その直後、二階下の階段から斜めにかけて放たれた砲身は、僕の顔をスレスレで通っていった。


「ルゥダミサイル二号三号発射!!」


女の子は既にタバコに着火していて、撃ってきた方向に無造作にぶん投げた。


ドカン!ドカン!


爆発が起こり、更に瓦礫が散乱する。

しかし、瓦礫の中からまだ銃口の狙いをゆっくりと僕らに定めているのが見えた。


カッコン。


「ダメだ!もう一発来る!!」


コッキング音が聞こえたと同時に、女の子は次のミサイルの準備に取り掛かっていた。


「ルゥダミサイル四号五号発射!!タバコあと十本しかないよ!」


「もういい!警察呼ぼうっ!!」


ドカン!ドカン!


女の子が時間を稼いでいる間に僕はポケットを弄り、スマホを探す。

何かが指にコツッと当たる感触がしたら、すぐにそれを取り出した。


「なんじゃこりゃあっ!!」


出てきたのは…、スマホではなく、四角い形をし、端末の上部には横に長細い画面があって、丸いボタンが少しだけついているような古めかしい端末。


「ポケベルゥゥ!!?」


それは、使った事も、使っている人さえ僕は見た事がない、1990年代くらいに流行っていた無線受信機「ポケベル」だった。

画面には数字の羅列が映されていた。


『4104434401413232522104724104219145124344』


「ポケベルわかんねえよ!!スマホは!?どうしてポケベルなんて入って…!?」


「お兄ちゃん!早く上ってっ!!」


僕は尻を叩かれながら、何とか十五階まで上りきる事ができた。


「屋上まで上がってきたけど、何か秘策は…?」


僕は女の子に聞いてみるが、女の子は虫の居所が悪そうな顔を浮かべながら自分の親指の爪を噛み始めた。


「ない…。こんなに高いとは思わなかった…。」


「ええーー!!」


いや、何も言えない。
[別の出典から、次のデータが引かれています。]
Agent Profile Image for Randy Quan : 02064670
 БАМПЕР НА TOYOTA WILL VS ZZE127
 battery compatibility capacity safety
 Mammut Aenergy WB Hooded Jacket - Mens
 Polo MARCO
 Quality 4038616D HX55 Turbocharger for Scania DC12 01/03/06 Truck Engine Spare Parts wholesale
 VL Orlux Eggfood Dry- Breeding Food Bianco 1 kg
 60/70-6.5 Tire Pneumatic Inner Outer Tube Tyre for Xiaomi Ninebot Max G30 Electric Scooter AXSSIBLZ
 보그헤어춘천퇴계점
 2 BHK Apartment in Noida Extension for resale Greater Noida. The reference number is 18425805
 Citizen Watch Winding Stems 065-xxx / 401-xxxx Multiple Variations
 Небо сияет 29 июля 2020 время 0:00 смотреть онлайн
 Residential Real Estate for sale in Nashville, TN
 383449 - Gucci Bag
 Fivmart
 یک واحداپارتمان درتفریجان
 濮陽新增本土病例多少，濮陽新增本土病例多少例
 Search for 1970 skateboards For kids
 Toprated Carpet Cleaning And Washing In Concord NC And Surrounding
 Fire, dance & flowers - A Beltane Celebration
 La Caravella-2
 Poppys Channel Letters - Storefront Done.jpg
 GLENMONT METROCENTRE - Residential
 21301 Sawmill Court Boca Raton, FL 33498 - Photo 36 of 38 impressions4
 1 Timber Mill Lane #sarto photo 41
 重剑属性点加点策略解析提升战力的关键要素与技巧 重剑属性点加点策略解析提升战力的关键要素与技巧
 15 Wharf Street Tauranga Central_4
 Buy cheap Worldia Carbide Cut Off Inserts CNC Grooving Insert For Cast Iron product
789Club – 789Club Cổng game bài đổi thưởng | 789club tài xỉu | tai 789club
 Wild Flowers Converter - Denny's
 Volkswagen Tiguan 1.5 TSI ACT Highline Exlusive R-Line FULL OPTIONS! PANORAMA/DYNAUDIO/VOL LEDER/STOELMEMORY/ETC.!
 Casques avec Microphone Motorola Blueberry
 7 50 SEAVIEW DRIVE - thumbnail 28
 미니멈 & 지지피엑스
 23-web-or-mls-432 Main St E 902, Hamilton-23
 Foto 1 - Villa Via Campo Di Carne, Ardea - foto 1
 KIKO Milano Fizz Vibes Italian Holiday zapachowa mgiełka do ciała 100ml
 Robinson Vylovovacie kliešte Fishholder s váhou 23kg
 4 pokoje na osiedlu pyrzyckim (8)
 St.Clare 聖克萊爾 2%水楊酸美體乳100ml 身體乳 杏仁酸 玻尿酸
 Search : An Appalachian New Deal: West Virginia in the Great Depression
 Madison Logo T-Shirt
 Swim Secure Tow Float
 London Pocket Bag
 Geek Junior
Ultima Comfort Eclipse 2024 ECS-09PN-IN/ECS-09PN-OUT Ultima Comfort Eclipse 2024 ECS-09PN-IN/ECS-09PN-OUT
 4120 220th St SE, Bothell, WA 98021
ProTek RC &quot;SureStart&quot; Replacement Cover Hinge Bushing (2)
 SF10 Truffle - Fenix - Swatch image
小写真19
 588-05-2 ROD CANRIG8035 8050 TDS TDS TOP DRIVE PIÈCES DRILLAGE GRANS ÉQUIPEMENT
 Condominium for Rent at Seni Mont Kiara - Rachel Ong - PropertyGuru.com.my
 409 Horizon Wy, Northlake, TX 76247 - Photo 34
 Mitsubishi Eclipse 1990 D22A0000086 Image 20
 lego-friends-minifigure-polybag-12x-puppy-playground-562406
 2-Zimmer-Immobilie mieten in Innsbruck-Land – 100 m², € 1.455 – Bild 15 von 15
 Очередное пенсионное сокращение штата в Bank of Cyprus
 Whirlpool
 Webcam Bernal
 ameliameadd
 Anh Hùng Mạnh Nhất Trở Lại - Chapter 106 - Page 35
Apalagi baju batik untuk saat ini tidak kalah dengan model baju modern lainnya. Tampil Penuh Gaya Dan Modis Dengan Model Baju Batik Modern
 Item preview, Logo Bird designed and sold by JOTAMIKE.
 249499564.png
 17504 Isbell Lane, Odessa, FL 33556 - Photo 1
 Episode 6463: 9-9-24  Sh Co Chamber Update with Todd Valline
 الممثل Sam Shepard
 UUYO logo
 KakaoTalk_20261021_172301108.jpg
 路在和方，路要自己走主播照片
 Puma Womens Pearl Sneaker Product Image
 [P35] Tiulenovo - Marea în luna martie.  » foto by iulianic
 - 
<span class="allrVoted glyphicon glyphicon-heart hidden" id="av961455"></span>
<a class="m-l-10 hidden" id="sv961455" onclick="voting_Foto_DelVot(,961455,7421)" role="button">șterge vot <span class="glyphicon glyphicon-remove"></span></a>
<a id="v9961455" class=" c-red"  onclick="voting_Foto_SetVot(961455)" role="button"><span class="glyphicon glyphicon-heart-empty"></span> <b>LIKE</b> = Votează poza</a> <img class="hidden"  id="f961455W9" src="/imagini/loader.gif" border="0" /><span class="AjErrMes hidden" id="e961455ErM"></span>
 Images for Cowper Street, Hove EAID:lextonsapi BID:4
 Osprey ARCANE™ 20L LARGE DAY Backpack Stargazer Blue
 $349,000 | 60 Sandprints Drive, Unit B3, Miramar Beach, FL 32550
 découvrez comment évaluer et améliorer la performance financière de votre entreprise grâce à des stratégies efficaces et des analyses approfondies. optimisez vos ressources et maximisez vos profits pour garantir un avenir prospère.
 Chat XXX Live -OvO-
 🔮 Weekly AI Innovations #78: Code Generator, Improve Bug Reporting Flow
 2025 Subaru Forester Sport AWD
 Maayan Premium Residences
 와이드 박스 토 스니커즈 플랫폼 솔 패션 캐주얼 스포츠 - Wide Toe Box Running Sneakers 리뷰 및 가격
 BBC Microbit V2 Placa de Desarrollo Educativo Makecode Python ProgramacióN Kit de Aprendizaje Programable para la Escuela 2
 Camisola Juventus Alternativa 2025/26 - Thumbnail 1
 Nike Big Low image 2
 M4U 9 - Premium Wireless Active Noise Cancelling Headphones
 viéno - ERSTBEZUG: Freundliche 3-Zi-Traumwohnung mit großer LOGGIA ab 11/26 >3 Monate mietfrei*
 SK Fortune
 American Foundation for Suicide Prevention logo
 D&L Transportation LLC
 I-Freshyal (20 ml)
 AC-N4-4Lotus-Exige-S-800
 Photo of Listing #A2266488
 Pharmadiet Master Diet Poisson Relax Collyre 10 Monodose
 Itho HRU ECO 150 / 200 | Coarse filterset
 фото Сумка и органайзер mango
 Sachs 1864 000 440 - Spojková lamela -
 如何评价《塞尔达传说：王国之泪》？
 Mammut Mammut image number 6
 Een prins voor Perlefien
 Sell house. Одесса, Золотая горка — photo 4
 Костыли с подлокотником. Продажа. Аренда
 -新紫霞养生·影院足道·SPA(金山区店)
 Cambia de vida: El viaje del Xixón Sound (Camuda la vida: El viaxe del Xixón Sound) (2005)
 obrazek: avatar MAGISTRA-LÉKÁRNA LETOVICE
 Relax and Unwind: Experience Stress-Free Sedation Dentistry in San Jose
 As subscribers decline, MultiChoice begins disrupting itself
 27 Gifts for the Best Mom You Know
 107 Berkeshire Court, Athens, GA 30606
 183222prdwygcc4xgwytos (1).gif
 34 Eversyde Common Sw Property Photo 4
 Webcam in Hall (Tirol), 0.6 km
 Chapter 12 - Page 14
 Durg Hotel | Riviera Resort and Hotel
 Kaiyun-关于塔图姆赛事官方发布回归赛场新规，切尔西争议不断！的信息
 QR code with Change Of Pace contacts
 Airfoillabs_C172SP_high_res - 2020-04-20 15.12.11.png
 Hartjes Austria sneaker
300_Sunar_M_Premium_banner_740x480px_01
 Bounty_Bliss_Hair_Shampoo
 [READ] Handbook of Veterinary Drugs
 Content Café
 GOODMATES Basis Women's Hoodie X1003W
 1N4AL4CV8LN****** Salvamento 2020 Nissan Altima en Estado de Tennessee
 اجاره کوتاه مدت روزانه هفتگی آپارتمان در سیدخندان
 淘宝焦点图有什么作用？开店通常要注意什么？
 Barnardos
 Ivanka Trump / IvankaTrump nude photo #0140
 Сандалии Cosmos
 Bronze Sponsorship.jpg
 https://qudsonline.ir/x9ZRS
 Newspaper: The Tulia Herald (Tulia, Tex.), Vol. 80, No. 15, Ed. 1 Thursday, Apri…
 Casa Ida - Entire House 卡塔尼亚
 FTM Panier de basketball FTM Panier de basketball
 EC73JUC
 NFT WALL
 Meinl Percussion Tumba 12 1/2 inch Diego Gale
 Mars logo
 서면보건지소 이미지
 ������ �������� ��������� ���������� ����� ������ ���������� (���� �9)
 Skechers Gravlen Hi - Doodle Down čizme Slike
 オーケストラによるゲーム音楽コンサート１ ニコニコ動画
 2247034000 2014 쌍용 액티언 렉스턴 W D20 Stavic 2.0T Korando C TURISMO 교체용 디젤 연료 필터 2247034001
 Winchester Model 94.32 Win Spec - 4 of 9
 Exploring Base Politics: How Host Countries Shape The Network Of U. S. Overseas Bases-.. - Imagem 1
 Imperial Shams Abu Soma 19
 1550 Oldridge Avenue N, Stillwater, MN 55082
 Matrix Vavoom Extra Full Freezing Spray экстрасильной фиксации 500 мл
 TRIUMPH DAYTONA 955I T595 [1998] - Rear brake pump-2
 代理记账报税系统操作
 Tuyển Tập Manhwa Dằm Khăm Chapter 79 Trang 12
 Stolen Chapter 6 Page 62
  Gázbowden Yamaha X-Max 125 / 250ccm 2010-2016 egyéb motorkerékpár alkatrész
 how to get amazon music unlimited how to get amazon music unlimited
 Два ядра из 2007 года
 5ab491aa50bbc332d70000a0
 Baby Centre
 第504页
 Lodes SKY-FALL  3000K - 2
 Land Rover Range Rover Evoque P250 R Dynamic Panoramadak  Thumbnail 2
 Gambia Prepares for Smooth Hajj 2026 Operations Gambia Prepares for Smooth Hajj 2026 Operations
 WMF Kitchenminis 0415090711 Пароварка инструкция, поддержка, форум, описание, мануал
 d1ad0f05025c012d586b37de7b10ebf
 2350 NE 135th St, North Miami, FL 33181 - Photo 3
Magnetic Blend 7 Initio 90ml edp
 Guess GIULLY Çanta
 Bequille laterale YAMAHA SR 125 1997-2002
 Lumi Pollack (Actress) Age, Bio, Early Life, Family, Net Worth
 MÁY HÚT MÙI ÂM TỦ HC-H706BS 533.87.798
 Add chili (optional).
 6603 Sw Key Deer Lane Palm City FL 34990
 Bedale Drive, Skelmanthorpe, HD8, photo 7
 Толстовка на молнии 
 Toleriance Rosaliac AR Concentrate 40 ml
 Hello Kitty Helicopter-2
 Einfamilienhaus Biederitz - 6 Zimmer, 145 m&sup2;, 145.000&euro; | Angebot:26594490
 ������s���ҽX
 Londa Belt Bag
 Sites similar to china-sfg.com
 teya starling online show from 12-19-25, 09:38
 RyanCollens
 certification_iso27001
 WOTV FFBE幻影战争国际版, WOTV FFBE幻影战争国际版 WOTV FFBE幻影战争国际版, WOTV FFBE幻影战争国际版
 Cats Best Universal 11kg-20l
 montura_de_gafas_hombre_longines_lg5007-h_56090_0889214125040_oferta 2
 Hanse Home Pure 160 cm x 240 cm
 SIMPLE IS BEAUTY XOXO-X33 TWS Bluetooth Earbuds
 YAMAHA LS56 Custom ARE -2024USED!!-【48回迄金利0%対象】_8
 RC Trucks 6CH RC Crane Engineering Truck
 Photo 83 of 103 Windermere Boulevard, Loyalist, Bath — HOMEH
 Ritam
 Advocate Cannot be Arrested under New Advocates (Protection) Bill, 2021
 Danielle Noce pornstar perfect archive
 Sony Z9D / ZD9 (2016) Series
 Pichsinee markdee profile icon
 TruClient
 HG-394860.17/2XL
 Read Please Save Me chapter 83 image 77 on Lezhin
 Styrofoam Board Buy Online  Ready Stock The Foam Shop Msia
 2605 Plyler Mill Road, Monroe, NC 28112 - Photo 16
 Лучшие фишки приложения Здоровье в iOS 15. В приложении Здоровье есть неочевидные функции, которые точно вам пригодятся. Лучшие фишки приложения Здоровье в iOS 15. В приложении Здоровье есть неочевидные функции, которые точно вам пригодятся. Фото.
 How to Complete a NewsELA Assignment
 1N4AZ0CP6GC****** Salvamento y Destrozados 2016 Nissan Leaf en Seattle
言うべきではない。

小学一年生くらいの女の子が、ここまでして、ここまで連れてきて、ここまで考えた事自体がとんでもない偉業なのだから。

秘策なんて、大人の僕が考えなくてはならない。

至極、当たり前の事だ。


「そうだ!ポケベルでもいい!警察を呼んでみよう!確か、あ行とあいうえお順に沿って二つの数字で一文字になるんだったよな!はは!ローマ字と一緒だよこんなの!!」


僕はポケベルで文字を打とうと試みるが、


「どうやって画面動かすんだこれ…。」


「お兄ちゃん、警察って何…?」


「大丈夫。警察ってのは今一番ここへ来て働いてもらわなくちゃいけない組織の事だよ。僕らを助けてくれるはずだ!ごめん!それまで残りの十本で時間稼げる?」


女の子は胸に拳をゴチンとぶつけた後、屋上ドアの近くで待機した。

僕はポケベルの操作に集中する。


「とりあえず画面動かすとこからだよな…。」


そもそも、最初の画面で何故か映っている文字の羅列が気になって仕方がない。

普通は最初の画面と言えば、時計や日付を示しているものなのだが、これはかなり長い数字の羅列が小さく書かれているだけだった。


「これを読み解けば何かわかるかもしれないな。」


僕はベンチにポケベルを置き、解読を始めた。


「4が、た行だろ…。んでその次が1だから『た』だ。0はなんだっけ…?」


「お兄ちゃんもう来た!!」


「ルゥダミサイル装填用意っ!!」


「もうしてるよ!!」


「ってーーーーい!!」


「ルゥダミサイル六号七号発射!!」


ボウ!ボウ!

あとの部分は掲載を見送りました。